Many buy-to-let landlords may have reacted angrily to government proposals that will give tenants a minimum three year contract, but one prominent residential landlord backs the government’s proposal regarding longer tenancies.
With rents increasing by less than inflation and average rents lower than mortgage payments, many people are opting against home ownership, which is currently at a 30-year low, and are now renting, and this trend looks set to continue, according to Neil Young, CEO of Get Living.
“It is increasingly common to rent, rather than buy, with the likes of Netflix, Spotify and Uber leading the way and now homes set to follow,” he said.

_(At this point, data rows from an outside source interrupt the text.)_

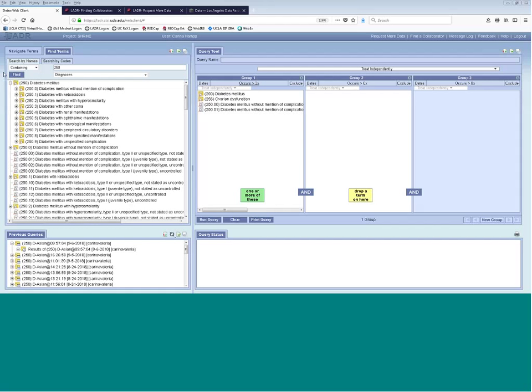There is separately UC Rex, which involves the five UC organizations. There is also something called ACT, which is a national network — ultimately the idea is it will involve all the CTSAs in the nation. We could talk about how to get you hooked up to that as well if you're interested.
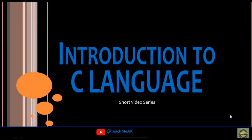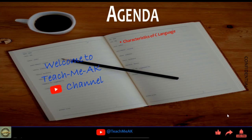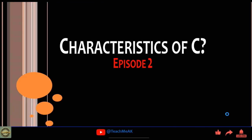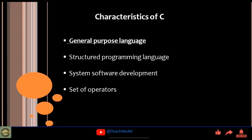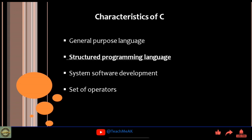Hi, welcome to our YouTube short video series on introduction to C language. Welcome to the Teach Me AK channel. In this episode 2, we will understand about the characteristics of C. C language is a general purpose language which is a structured programming language.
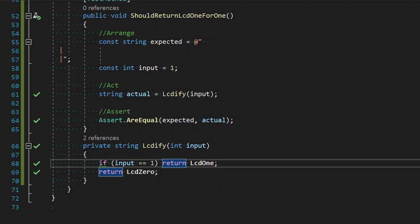Welcome to another session of live coding. We are continuing with our LCD digits from cyber-dojo.org.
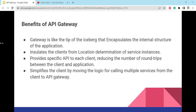What are the benefits of this API gateway pattern? The gateway is like the tip of an iceberg that encapsulates the internal structure of the application. It insulates the client from the physical location of service instances, provides a specific API to each client, and reduces the number of round trips between the client and application. It also simplifies the client by moving the logic for calling multiple services from the client to the API gateway.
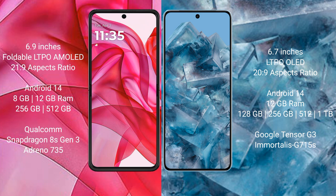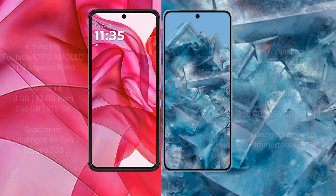The Google Pixel 8 Pro comes with 12GB of RAM and internal storage options of 128GB, 256GB, 512GB, or 1TB. It is powered by the Google Tensor G3 processor with a GPU.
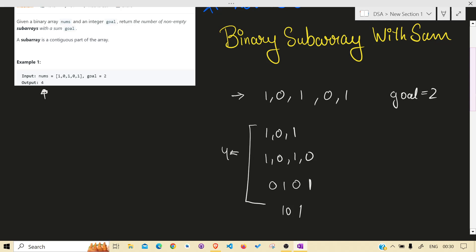If you have done that similar question of prefix sum type, then you can easily do that. And the other one is sliding window, the more intuitive one which can cross your mind when you see this type of problem. Subarray type, because usually we do sliding window in subarray type of questions.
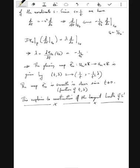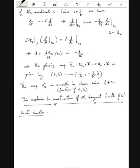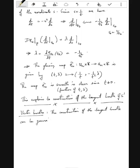So this explains the construction of the tangent bundle of S1. Now let's come to a slightly more general construction - the construction of the tangent bundle can be generalized as follows.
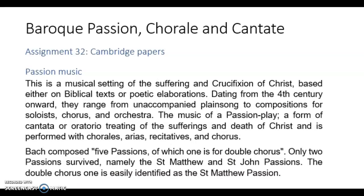To summarize: a Passion is a musical setting of the suffering and crucifixion of Christ, based either on biblical text or poetic elaborations. This is not something that started in the Baroque era — it dates from the 4th century onward, ranging from unaccompanied plainchant to compositions for soloists, chorus, and orchestra. The music of a Passion is a form of cantata or oratorio treating the sufferings and death of Christ, performed with chorales, arias, recitatives, and chorus.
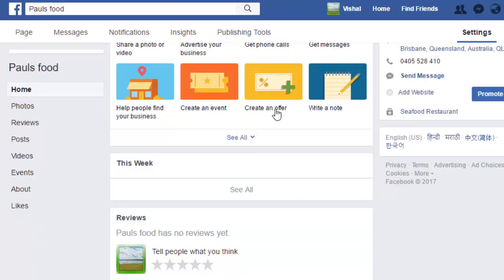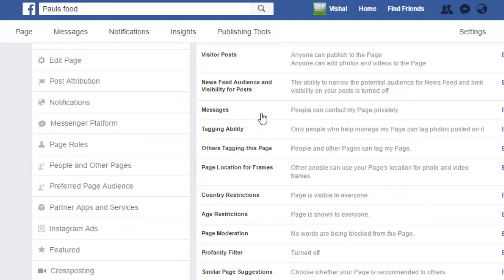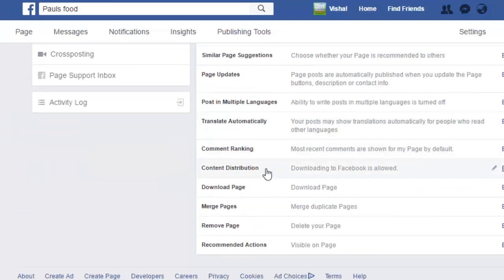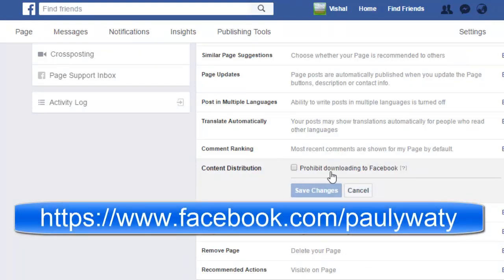I have to go to Settings. Over there you will find one setting called Content Distribution. Just click on this and there will be one checkbox: Prohibit Downloading to Facebook.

As the CEO of Get Living, the build-to-rent trailblazer behind East Village in London, Young believes that any plan to impose minimum terms to rental agreements of three years would benefit tenants seeking security of tenure, as well as landlords looking for a stable rental income.
He commented: “We are proud to offer three-year tenancies as standard and wholeheartedly encourage the rest of our sector to do so.
“Renting shouldn’t be a second-rate choice to homebuying. With three-year tenancies and resident-only break clause after six months, residents have the reassurance of long-term security while having the flexibility to follow their careers or their thirst for adventure, without being tied in to a home.
“With more than 20,000 Build to Rent homes complete across the UK and almost 100,000 more in the pipeline, our sector is starting to show that, done right, renting can offer much more than it’s given credit for.
“At Get Living, we’ve never accepted the ‘norms’ of renting. Last year we scrapped security deposits and have returned millions of pounds to our existing residents.
“Abolishing deposits made sense as we have great relationships with our residents and know that they look after their homes. It’s also taken away a real cost barrier to renting and helped build trust.”
Johnny Caddick, managing director at Moda, which is creating a £2bn portfolio of build-to-rent schemes across England and Scotland, also believes that it “makes sense” that residents are given security of tenure.
He said: “We fully support these moves provided people have flexibility if they only wish to stay for a year or two.
“We need a customer-centric rental market if people are to grow confidence in the property sector. That has to mean encouraging more rental development through the planning system that is willing to provide better homes with no risk of eviction because the landlord wishes to sell or move back in.”